Kooperationen mit Fluglinien

Wichtigster Marketing-Partner der Zugspitze ist der Flughafen München. „Wir haben nicht so ein großes Budget, wie etwa Tirol Werbung oder die Jungfraubahnen. Deswegen sind wir auf große Partner angewiesen“, sagt Schanda. Auch mit Airlines ist die Zugspitze Kooperationen eingegangen, etwa mit der Lufthansa.

Unter dem Motto „Out of the plane. Up on the slopes“, warb man um Skigäste, die mit dem Flugzeug anreisen. Das Passagieraufkommen stieg massiv, etwa in
Schweden um 114 Prozent, in Rumänien um 140 Prozent und in Norwegen um 211 Prozent. „In Polen verzeichnete Lufthansa sogar 256 Prozent mehr Fluggäste“, erläutert Schanda. Tragischerweise zerschellte 2015 eine Germanwings- Maschine an einem Berg, weshalb Lufthansa die Kooperation einstellte.

Derzeit laufen jedoch erfolgreiche Kampagnen mit Air China und Thai Airways. „Wir fliegen beispielsweise thailändische Influencer ein, die dann von der Zugspitze berichten“ führt der Marketingleiter aus. Thailand sei der zweitwichtigste asiatische Markt für „Top of Germany.“

Skizug gegen Overtourism

Der große Andrang auf die Zugspitze – pro Jahr sind es rund eine halbe Million Besucher – löst aber auch Ängste und Probleme bei den Einheimischen aus –
Stichwort Overtourism.
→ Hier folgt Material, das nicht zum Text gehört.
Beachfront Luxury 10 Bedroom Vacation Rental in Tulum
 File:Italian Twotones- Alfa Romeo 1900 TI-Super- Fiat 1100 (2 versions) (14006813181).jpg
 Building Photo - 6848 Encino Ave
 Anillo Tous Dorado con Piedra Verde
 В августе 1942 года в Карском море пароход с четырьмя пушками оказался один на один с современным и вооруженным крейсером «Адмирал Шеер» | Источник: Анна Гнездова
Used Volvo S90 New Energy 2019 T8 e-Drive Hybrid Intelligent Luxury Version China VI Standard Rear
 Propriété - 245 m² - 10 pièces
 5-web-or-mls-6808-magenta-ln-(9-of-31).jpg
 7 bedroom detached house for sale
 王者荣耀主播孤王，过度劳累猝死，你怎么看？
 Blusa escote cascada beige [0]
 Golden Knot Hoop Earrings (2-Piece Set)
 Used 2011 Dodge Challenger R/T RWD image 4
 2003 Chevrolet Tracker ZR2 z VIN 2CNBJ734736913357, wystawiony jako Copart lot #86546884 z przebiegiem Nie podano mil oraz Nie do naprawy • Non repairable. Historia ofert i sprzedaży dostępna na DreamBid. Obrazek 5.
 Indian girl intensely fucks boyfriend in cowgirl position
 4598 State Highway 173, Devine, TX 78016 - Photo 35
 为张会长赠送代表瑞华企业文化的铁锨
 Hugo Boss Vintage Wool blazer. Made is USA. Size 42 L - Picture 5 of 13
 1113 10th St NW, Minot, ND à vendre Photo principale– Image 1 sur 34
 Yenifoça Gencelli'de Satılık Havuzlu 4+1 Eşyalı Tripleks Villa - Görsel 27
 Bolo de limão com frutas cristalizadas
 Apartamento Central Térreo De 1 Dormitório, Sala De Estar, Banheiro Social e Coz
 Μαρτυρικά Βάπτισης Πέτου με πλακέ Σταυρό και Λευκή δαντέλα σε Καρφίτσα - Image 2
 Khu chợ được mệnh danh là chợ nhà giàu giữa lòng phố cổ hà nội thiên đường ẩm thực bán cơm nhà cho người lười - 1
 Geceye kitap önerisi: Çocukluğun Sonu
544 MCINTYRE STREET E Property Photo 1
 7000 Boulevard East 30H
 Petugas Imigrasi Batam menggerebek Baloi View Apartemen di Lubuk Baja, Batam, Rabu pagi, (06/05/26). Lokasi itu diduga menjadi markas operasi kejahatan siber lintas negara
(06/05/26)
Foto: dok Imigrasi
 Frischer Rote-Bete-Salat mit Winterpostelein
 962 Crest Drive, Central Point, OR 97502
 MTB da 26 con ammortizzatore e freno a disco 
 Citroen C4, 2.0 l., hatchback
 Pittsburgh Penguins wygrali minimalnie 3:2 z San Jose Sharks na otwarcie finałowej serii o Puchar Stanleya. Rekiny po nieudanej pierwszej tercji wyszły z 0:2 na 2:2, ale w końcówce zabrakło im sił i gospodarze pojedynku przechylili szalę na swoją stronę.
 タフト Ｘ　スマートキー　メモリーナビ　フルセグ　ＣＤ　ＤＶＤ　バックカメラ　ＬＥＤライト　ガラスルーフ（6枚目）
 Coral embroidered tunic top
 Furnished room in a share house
Um dieser Gefahr entgegenzuwirken, hat die BZB schon vor Jahren zusammen mit der Deutschen Bahn das Garmischer Ski Ticket ins Leben  gerufen. Damit gelangen Skifahrer vom Münchner Hauptbahnhof direkt auf die Piste der Skigebiete Zugspitze und Garmisch-Classic – ohne Stau, Stress und Umweltbelastung. Der Skipass ist im Preis des Kombitickets  (zwischen 42 und 60 Euro)  bereits inbegriffen.

Kreative Personalsuche

Eine weitere Herauforderung, vor der die BZB steht, ist der Personalmangel. „Dazu haben wir schon mehrere Kampagnen gestartet – darunter eine, in der Mitarbeiter für eine Prämie um Kollegen werben“, erklärt Schanda. Der neueste Clou: Kreative Videos mit einem Koch, dem Kräuter auf der Brust sprießen, einer
Servicekraft mit zehn Händen und einem Elektriker mit Laseraugen.

Denn der klassische Weg – Meldung beim Arbeitsamt, Stellenanzeige, interner Aushang und Jobangebote auf der eigenen Internetseite – brachte keinen Erfolg. „Progressiv“ nennt der Marketing-Chef die Videos, die schon im Umlauf sind. „Unser Ziel ist es, Aufmerksamkeit und Reichweite zu generieren.“ Insgesamt erreichte die BZB mit ihren Filmen schon über eine Million Nutzer, eine Zahl, die Schanda und auch die übrigen Verantwortlichen zuversichtlich stimmt.